**Problem description:**
Copy nothing but the lines below, from the one with "Terrorantula Bug from" through the one with "Talisca şoku", exactly as written; no pictures should appear.

**Input data:**
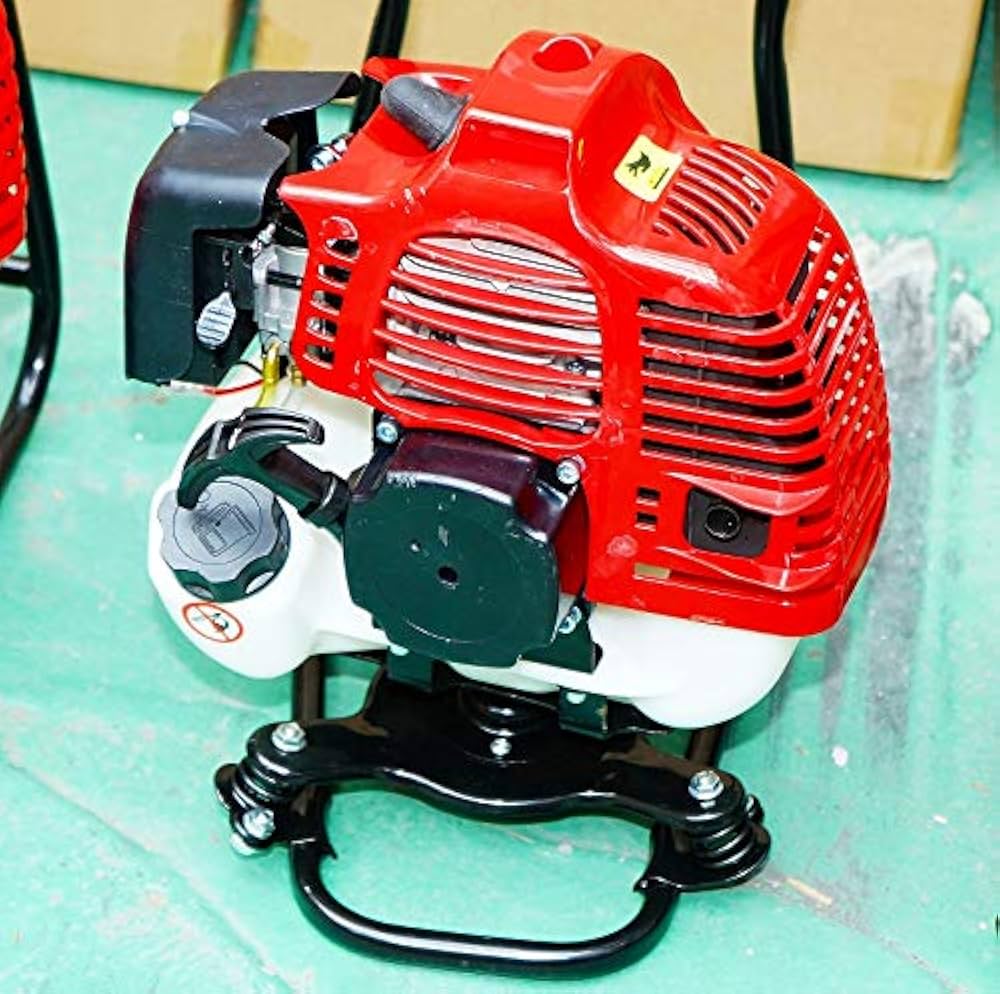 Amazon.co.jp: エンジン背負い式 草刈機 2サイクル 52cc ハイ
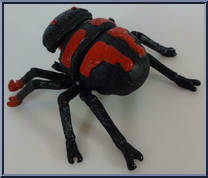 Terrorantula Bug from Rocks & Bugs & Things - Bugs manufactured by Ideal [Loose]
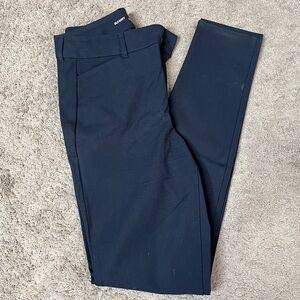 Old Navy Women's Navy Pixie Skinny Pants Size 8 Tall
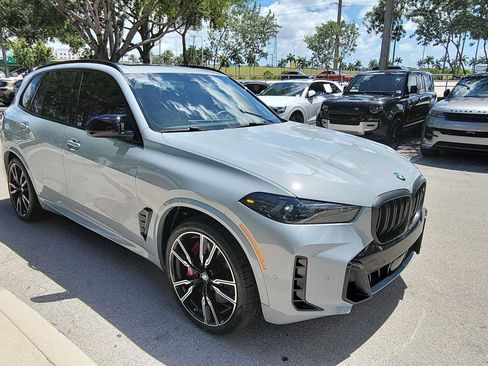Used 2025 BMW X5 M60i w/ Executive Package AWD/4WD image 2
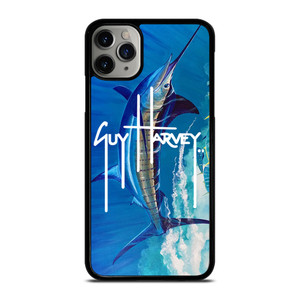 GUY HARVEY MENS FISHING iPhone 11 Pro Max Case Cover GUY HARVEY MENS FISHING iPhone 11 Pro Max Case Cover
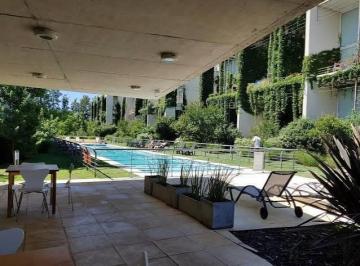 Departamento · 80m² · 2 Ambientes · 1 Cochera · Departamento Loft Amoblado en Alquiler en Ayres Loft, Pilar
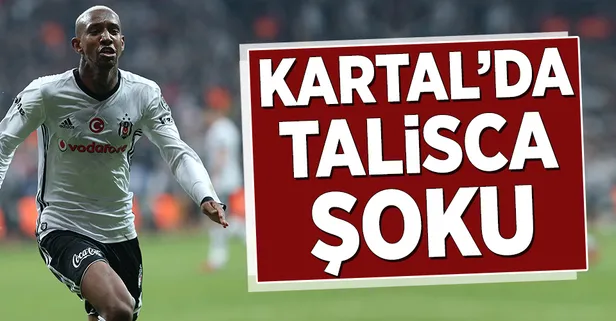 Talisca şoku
--
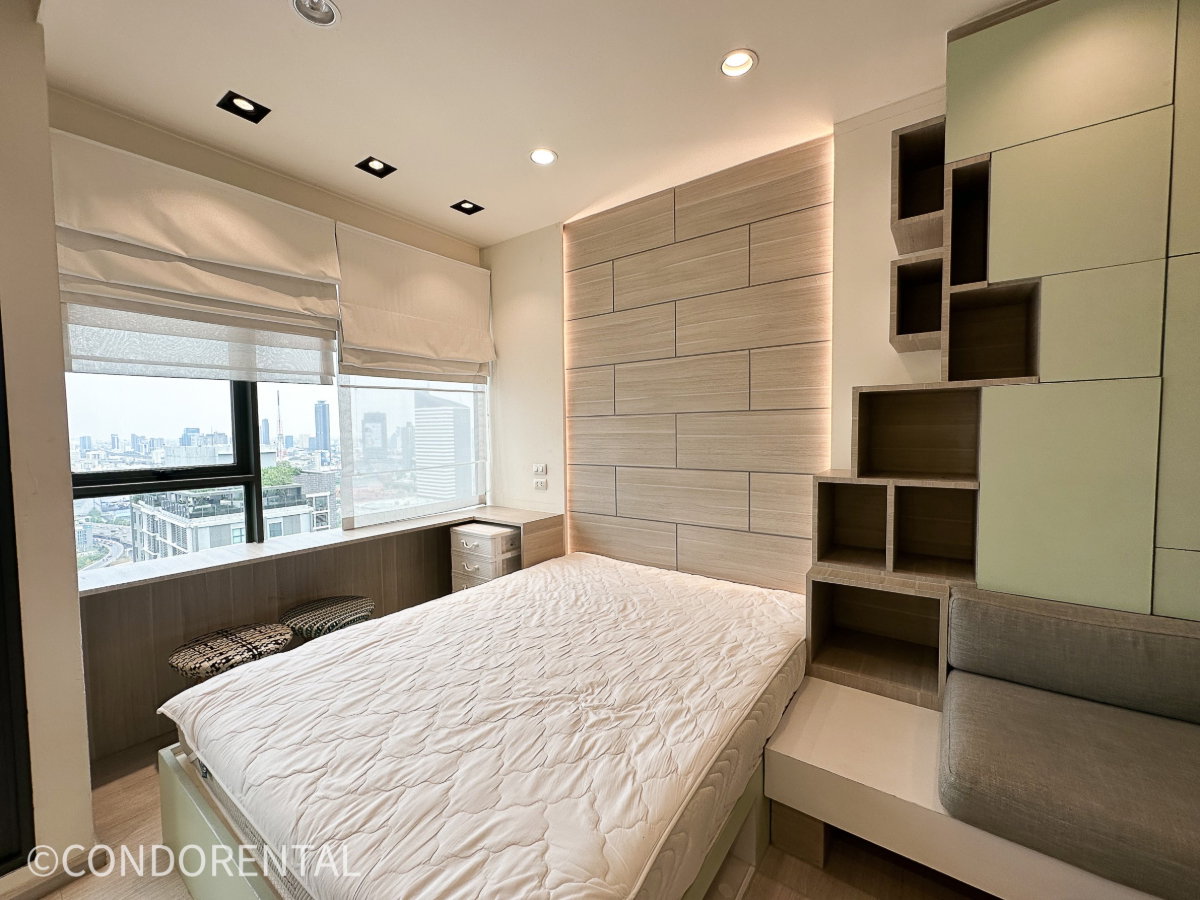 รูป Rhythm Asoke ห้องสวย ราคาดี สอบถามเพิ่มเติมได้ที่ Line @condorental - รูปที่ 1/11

**Solution below:**
 Terrorantula Bug from Rocks & Bugs & Things - Bugs manufactured by Ideal [Loose]
 Old Navy Women's Navy Pixie Skinny Pants Size 8 Tall
Used 2025 BMW X5 M60i w/ Executive Package AWD/4WD image 2
 GUY HARVEY MENS FISHING iPhone 11 Pro Max Case Cover GUY HARVEY MENS FISHING iPhone 11 Pro Max Case Cover
 Departamento · 80m² · 2 Ambientes · 1 Cochera · Departamento Loft Amoblado en Alquiler en Ayres Loft, Pilar
 Talisca şoku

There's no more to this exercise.